What this task involves> When you reach a picture, skip it, and retype every line below exactly.

Data section>
⁂
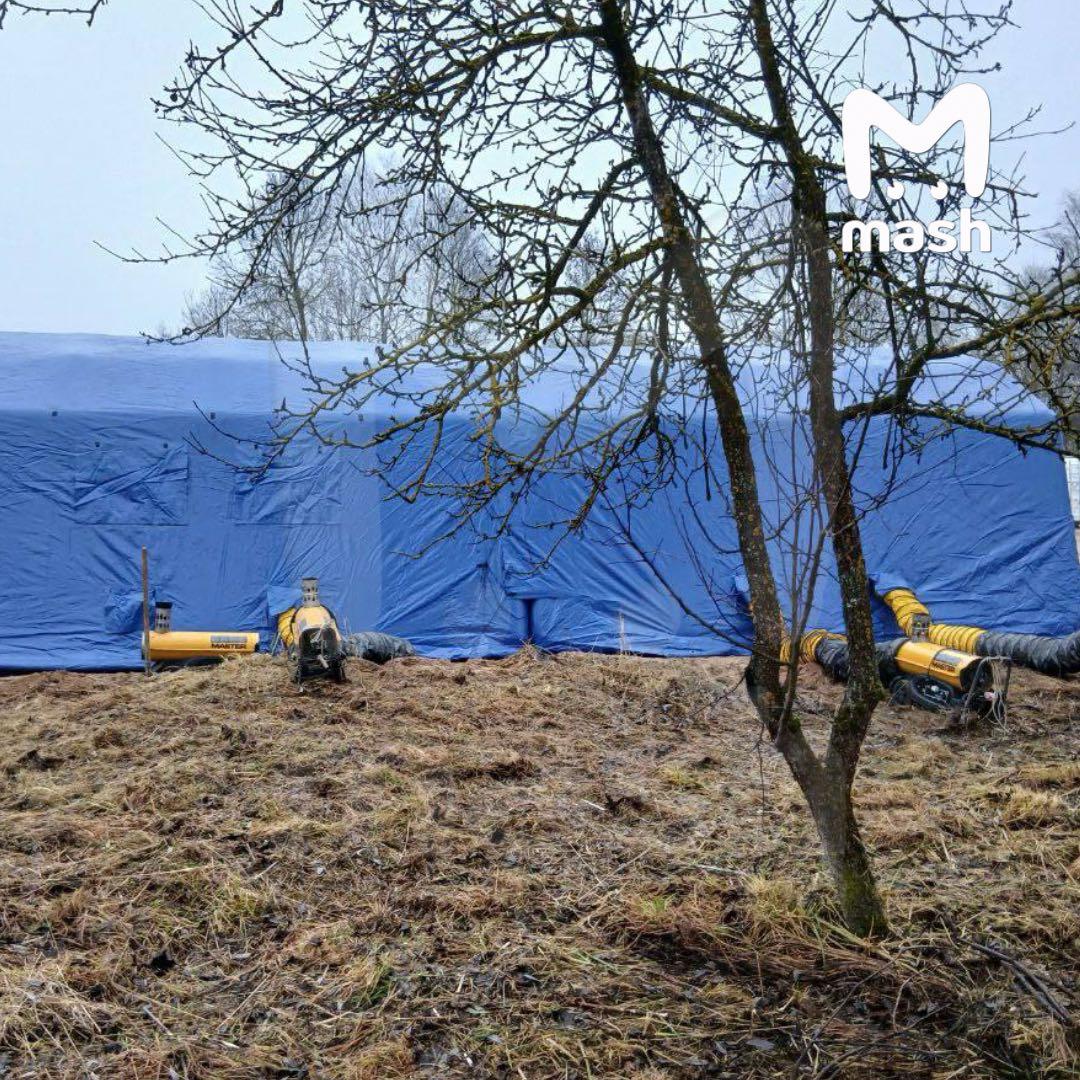 Мобильную баню установили в Торопце Тверской области — через сутки после сообщения на прямую линию с президентом и публикации Mash Мобильную баню установили в Торопце Тверской области — через сутки после сообщения на прямую линию с президентом и публикации Mash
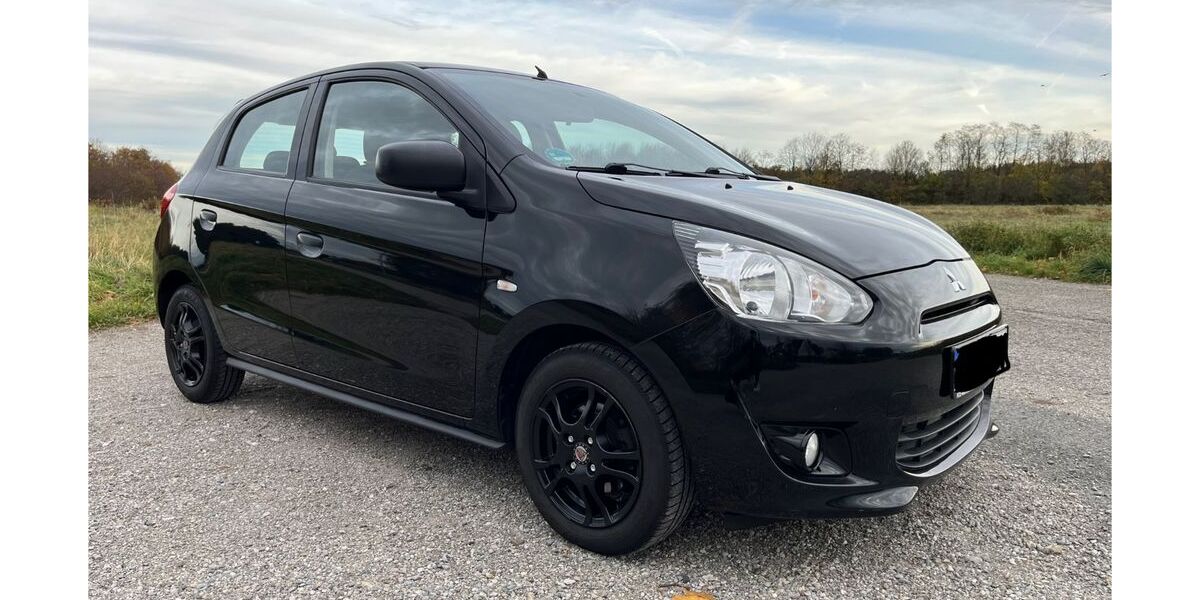 Mitsubishi Space Star 104.698 km 5.500 € München 80538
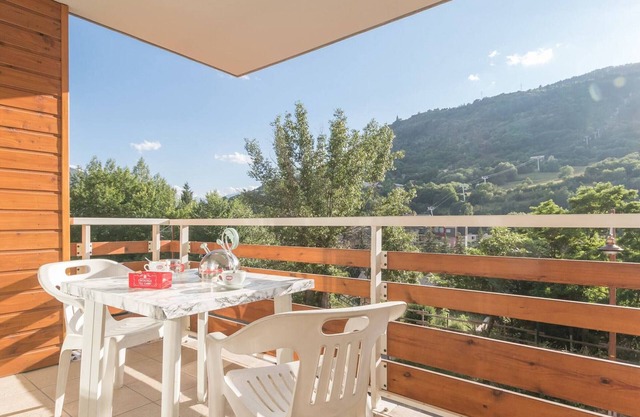 Cozy 1-bedroom apt with balcony near cable car in Briançon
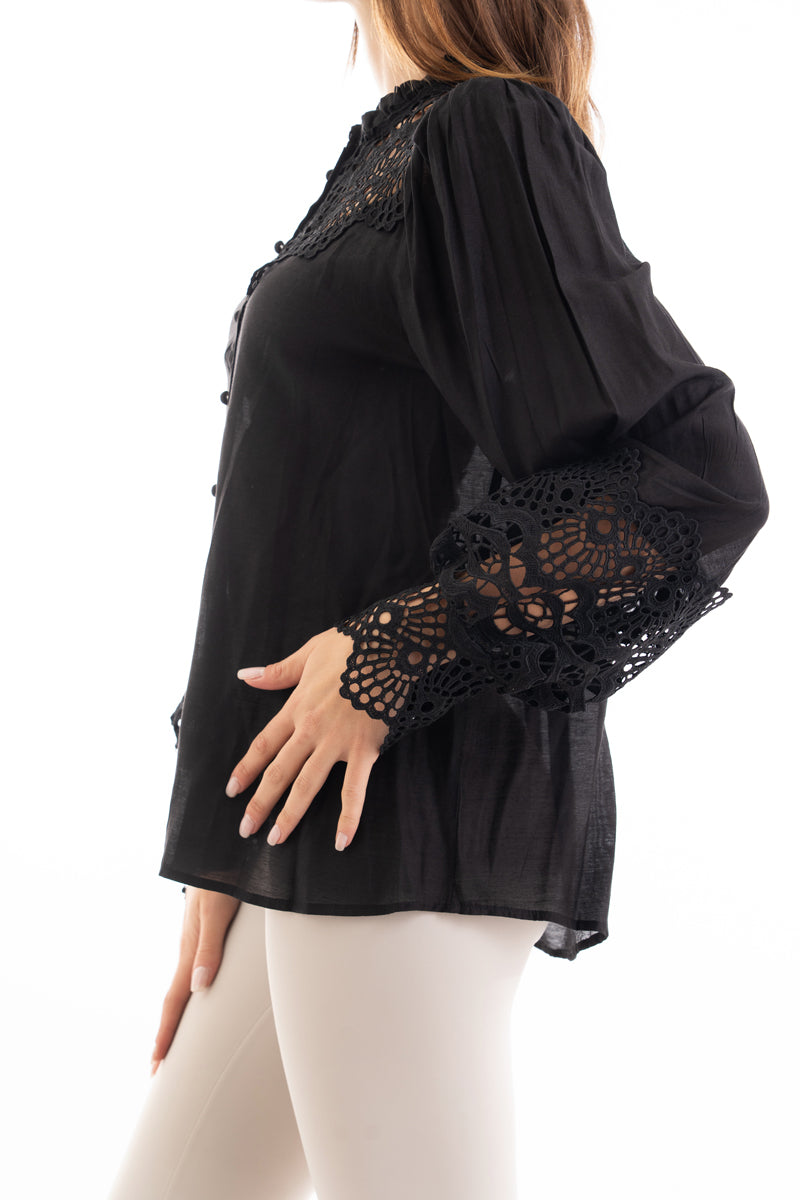 modella indossando Camicia ampia in viscosa con rouche al collo e macramé traforato colore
⁂
The completed task>
 Мобильную баню установили в Торопце Тверской области — через сутки после сообщения на прямую линию с президентом и публикации Mash Мобильную баню установили в Торопце Тверской области — через сутки после сообщения на прямую линию с президентом и публикации Mash
 Mitsubishi Space Star 104.698 km 5.500 € München 80538
 Cozy 1-bedroom apt with balcony near cable car in Briançon
 modella indossando Camicia ampia in viscosa con rouche al collo e macramé traforato colore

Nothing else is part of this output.